■ PROBLEM TO SOLVE: Only one stretch of the records below is wanted: the lines from the one holding "This extra room" through the one holding "Close op of". Return it exactly, both ends included.

■ INPUT DATA:
^^^^^^^^
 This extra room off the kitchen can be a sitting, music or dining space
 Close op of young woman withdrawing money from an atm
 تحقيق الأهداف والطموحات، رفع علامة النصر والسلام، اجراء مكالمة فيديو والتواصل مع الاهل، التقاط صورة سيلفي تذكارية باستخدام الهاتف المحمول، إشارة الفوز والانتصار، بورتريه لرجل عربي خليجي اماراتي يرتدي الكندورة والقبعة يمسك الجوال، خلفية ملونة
^^^^^^^^
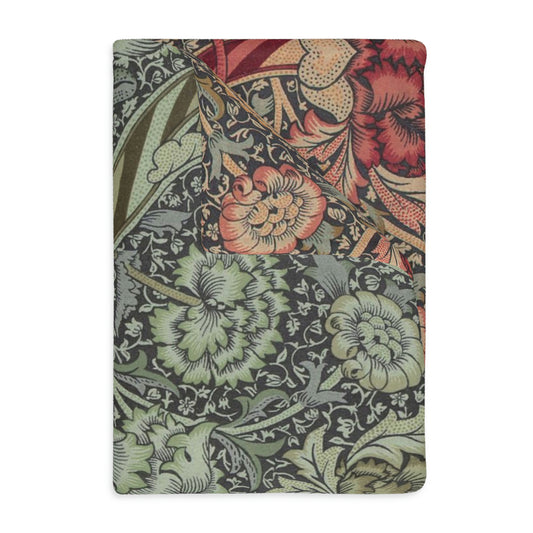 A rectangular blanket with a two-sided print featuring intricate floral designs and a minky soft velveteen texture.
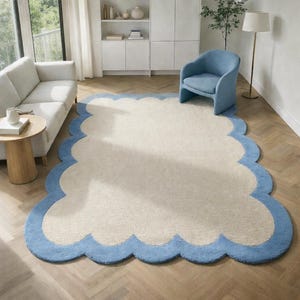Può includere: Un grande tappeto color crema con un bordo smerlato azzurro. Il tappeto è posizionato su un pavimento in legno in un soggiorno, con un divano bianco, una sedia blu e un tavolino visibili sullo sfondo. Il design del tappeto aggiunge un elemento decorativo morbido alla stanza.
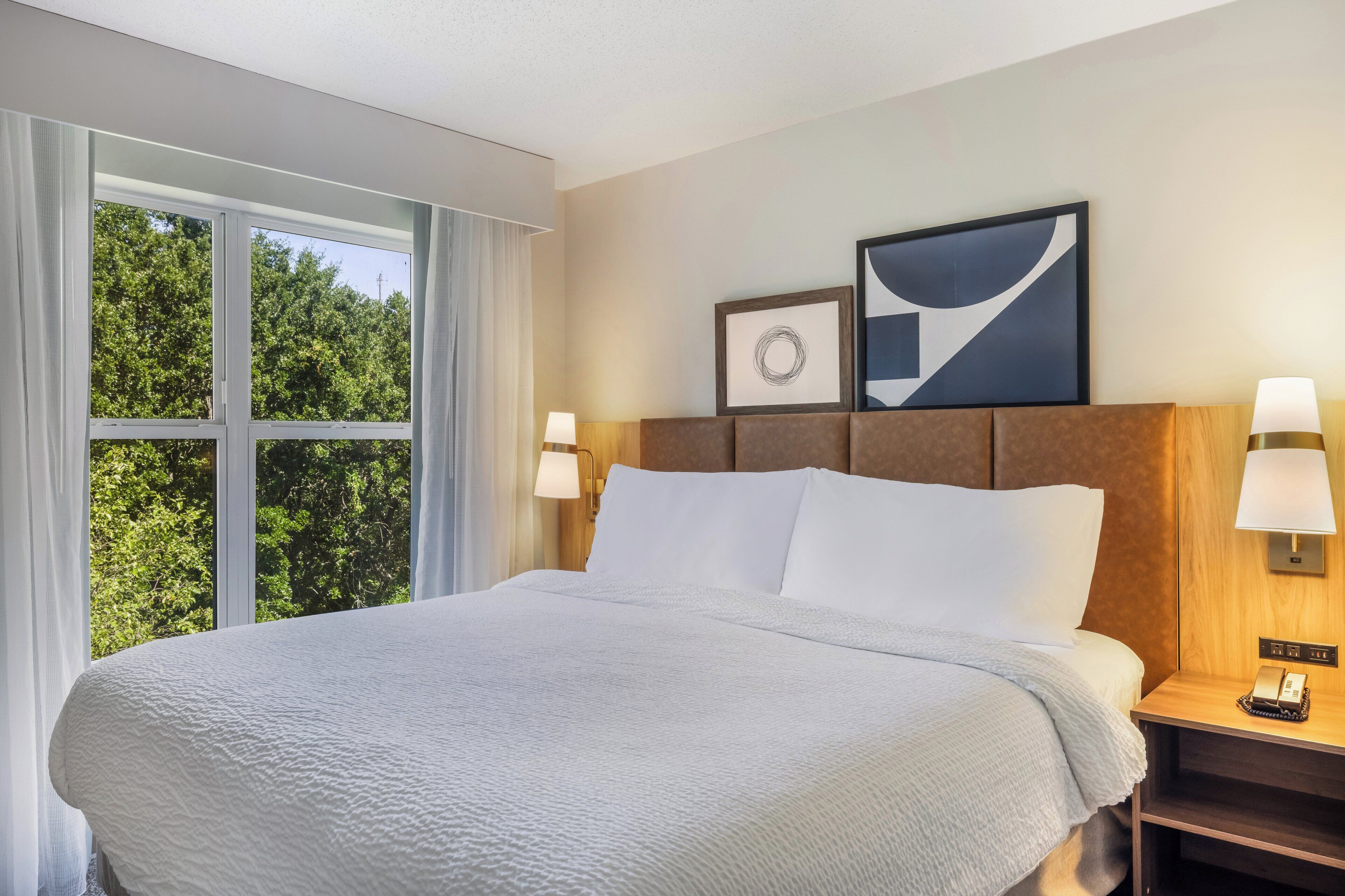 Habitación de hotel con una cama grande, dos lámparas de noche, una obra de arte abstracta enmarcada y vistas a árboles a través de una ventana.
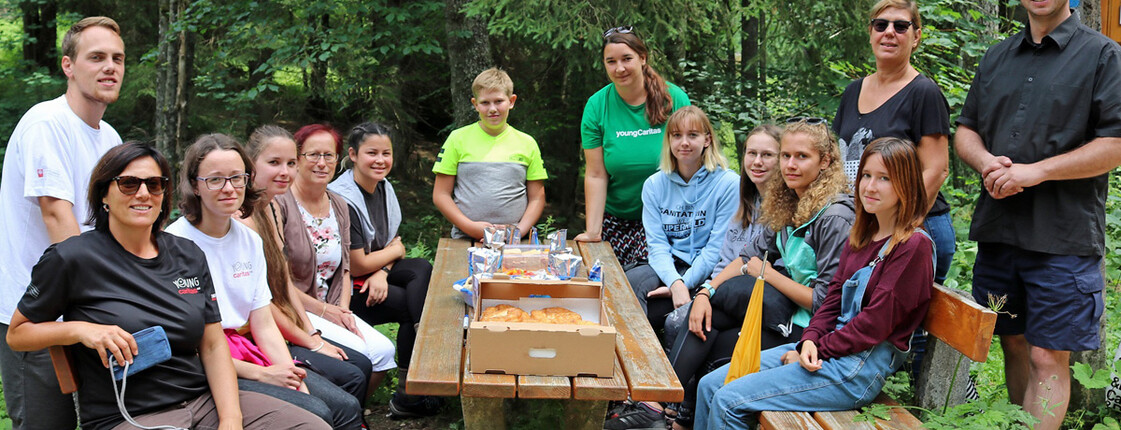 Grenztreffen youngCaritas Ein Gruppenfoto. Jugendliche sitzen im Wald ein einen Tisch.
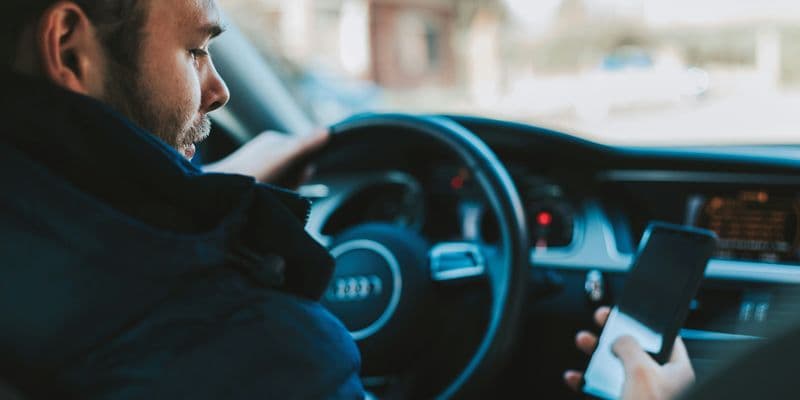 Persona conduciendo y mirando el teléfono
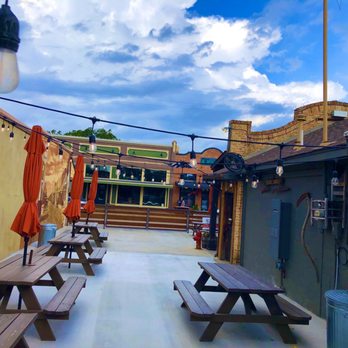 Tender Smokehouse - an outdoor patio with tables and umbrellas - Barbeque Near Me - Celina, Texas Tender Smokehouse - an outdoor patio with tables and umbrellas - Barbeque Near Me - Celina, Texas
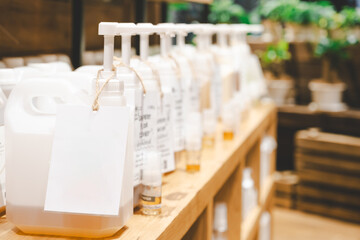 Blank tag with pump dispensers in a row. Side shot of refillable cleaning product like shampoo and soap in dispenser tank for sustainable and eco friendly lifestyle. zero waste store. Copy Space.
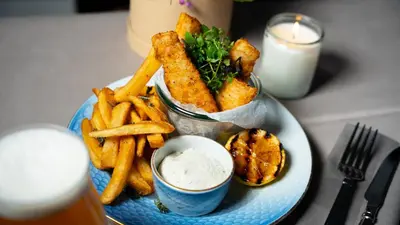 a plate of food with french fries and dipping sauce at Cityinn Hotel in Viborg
^^^^^^^^
■ FINAL ANSWER:
 This extra room off the kitchen can be a sitting, music or dining space
 Close op of young woman withdrawing money from an atm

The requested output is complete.